I replay again the moment of our first meeting, tracking in my mind’s eye the path of the meteor across the night sky. Except it was no meteor. It landed in the north field and I ran out to see, to check the damage to the cash crop. And there she stood, shrouded in smoke, shimmering.
I had never seen a more beautiful girl on Earth.
I took her in, for water and shelter and fell into the iridescence of her eyes. I wait, she said. The beacon will take a while to reach my home. Others will come and collect me.
A selfish panic gripped me. While she showered, I headed outdoors. Putting out fires, I said.
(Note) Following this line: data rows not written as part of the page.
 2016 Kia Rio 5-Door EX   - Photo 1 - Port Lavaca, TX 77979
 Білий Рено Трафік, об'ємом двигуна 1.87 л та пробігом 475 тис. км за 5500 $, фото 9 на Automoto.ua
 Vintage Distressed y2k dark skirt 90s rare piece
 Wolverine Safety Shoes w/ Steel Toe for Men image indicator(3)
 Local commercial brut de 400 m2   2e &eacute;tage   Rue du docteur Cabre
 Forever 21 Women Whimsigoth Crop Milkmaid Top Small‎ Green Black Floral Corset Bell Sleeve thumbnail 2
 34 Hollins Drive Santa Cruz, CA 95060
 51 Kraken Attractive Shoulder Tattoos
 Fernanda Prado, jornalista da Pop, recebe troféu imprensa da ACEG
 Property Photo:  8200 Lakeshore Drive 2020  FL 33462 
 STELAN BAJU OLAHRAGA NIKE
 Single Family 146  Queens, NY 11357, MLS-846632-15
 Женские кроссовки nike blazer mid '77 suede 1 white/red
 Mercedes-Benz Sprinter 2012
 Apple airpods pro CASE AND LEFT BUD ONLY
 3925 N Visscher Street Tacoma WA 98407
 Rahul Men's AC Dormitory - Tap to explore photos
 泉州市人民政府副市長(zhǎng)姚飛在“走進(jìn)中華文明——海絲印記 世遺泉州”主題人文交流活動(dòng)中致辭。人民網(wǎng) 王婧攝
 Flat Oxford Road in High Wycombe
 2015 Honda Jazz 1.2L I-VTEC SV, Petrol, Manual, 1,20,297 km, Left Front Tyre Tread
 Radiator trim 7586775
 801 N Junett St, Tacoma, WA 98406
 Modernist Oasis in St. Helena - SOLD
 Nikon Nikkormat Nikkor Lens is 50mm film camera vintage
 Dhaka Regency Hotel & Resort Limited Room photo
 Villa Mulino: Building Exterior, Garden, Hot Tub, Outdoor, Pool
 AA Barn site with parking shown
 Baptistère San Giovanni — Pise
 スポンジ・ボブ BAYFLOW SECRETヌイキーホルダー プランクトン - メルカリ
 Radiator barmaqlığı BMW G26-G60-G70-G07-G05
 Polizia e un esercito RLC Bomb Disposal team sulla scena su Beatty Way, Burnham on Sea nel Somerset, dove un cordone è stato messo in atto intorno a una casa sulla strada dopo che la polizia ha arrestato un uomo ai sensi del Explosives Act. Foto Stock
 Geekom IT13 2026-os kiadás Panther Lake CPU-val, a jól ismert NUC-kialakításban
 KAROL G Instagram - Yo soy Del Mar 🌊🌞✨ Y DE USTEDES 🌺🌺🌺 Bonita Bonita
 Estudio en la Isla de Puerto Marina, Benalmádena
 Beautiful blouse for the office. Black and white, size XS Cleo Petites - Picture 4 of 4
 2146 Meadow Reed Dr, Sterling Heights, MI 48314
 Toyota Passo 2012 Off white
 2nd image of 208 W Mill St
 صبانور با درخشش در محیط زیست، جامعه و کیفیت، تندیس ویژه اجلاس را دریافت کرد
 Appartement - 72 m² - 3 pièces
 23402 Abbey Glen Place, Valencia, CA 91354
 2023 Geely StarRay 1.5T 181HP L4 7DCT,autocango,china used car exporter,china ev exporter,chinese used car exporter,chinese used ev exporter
Days passed and weeks passed as the world turned. The entrancing, enchanting creature delighted me in every way and I knew I could never be without her. How many girls will sit through Star Wars, and then belittle the story with accounts of her own experiences in intergalactic warfare?
She was – she is perfect.
We have a life on the farm. No one bothers us in our remoteness. No one interrupts our peace.
But I fear the connection between us may be too great. I fear that sooner or later she will look into me and see the truth.
She will read inside me where I hid the beacon and know that no one is coming for her.
And then what will I do?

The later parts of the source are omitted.